__Materials provided__:
⟨

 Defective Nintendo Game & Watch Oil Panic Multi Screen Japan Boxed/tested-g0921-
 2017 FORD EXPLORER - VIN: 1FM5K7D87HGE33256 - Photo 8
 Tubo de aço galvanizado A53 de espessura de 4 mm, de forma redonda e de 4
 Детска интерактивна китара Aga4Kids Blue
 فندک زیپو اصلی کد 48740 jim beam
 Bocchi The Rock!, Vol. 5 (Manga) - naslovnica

⟩
⟨

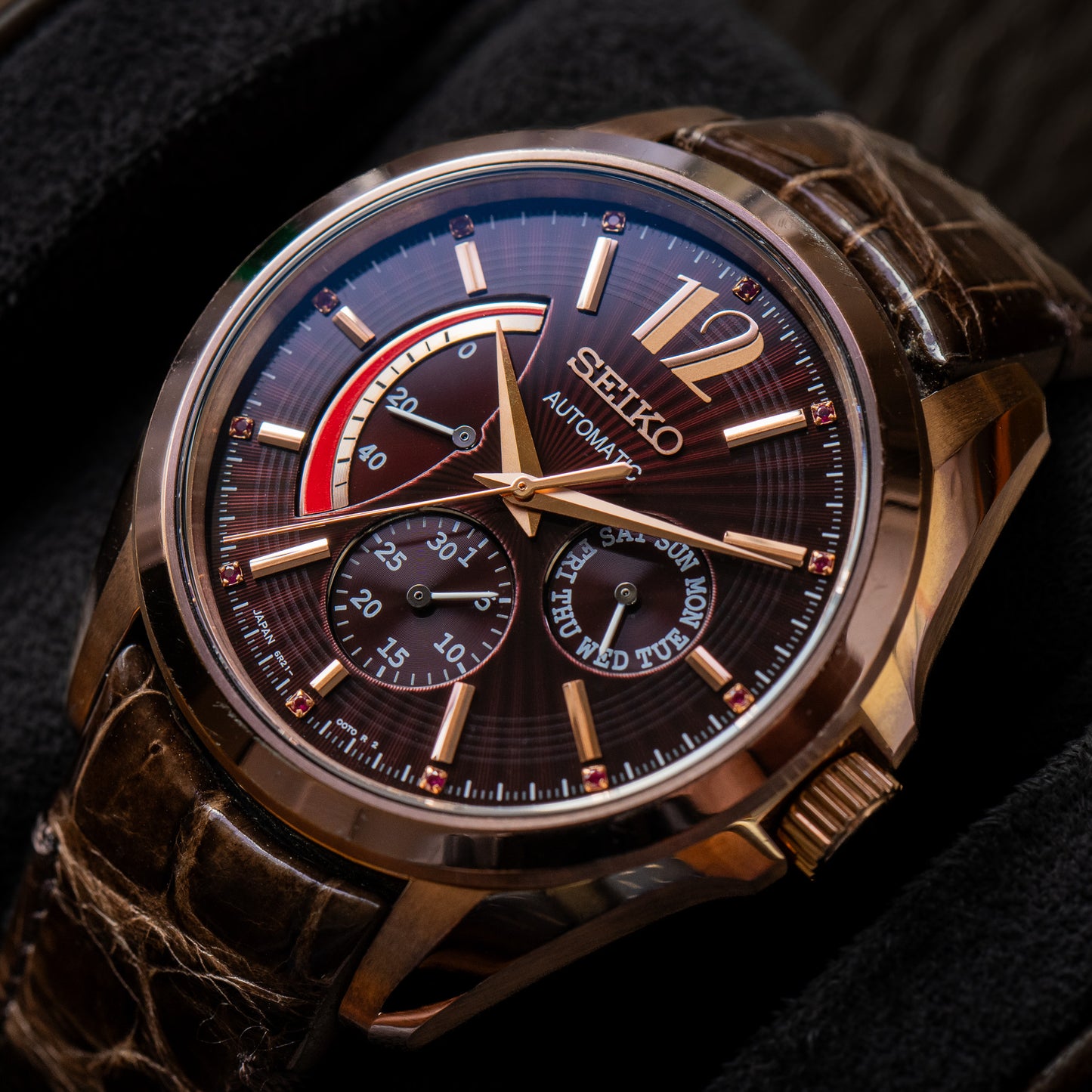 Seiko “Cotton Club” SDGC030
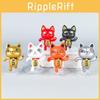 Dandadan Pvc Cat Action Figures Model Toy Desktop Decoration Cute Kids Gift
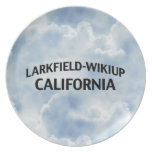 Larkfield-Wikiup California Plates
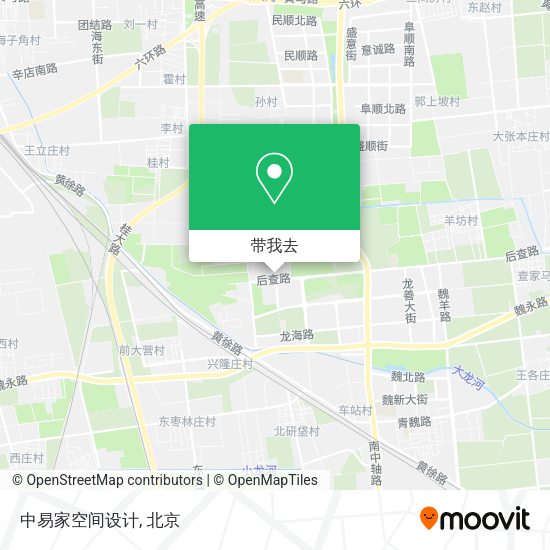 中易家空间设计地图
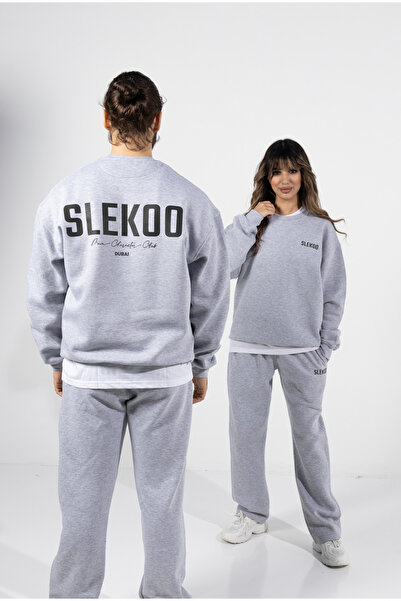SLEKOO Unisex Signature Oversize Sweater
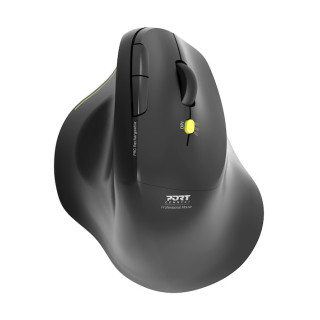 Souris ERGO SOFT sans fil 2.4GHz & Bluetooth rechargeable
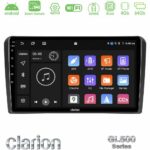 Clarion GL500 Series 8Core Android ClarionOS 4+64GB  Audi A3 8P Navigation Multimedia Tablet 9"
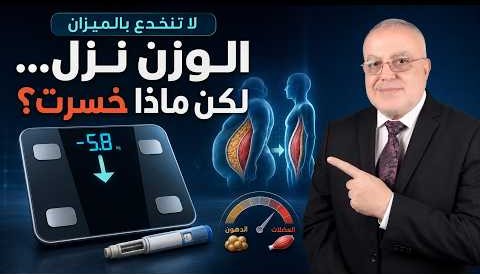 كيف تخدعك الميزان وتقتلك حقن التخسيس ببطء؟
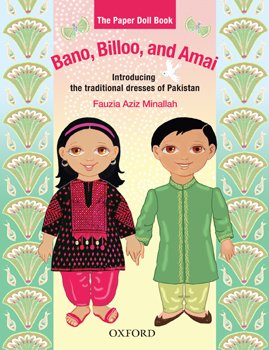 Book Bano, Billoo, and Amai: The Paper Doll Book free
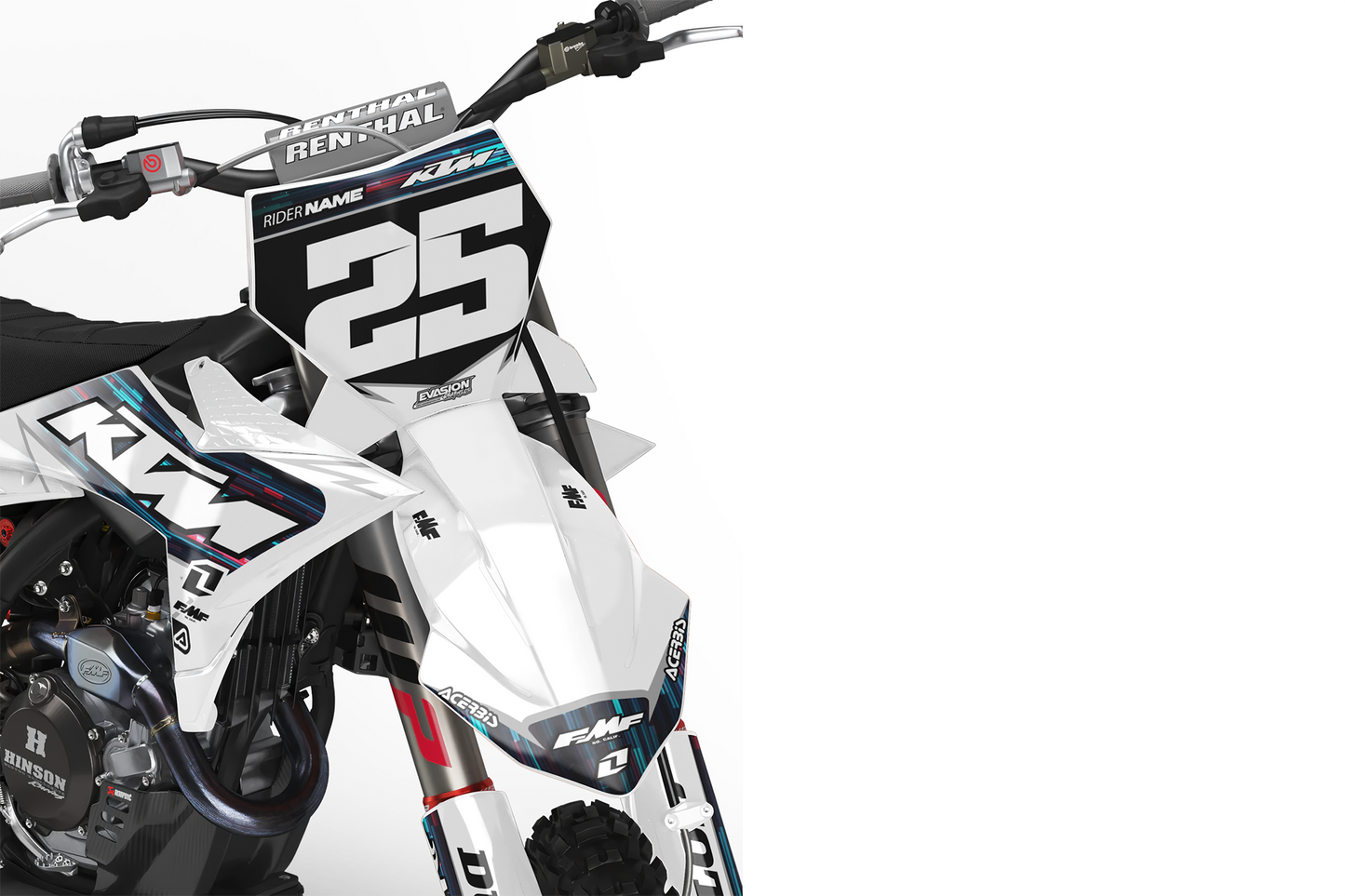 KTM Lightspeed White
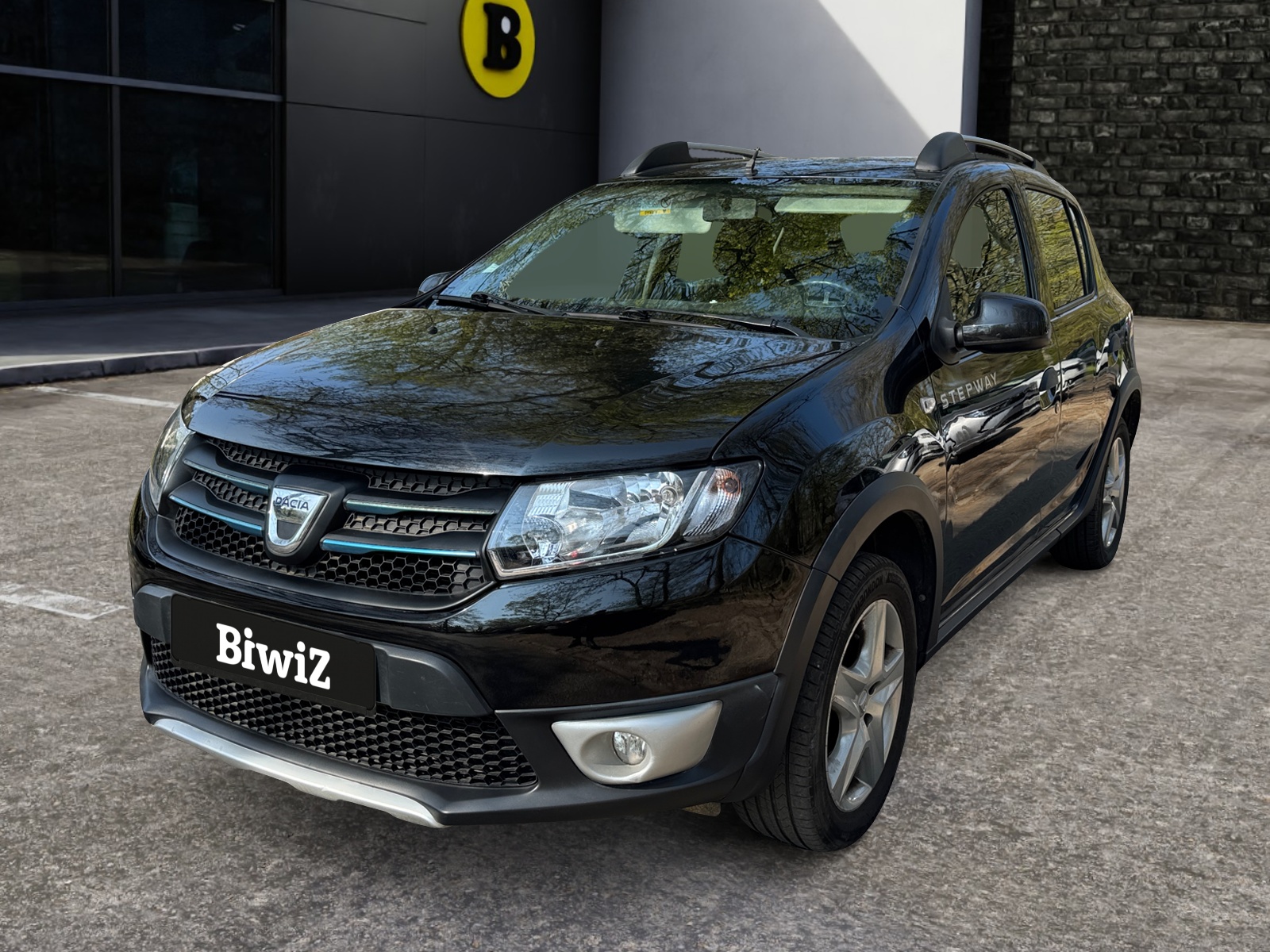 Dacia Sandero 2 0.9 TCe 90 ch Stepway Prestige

⟩

__Work to complete__: Using the records above, copy word for word the line with "Defective Nintendo Game", the line with "Детска интерактивна китара Aga4Kids Blue", and every line between them.

__Exercise solution__:
 Defective Nintendo Game & Watch Oil Panic Multi Screen Japan Boxed/tested-g0921-
 2017 FORD EXPLORER - VIN: 1FM5K7D87HGE33256 - Photo 8
 Tubo de aço galvanizado A53 de espessura de 4 mm, de forma redonda e de 4
 Детска интерактивна китара Aga4Kids Blue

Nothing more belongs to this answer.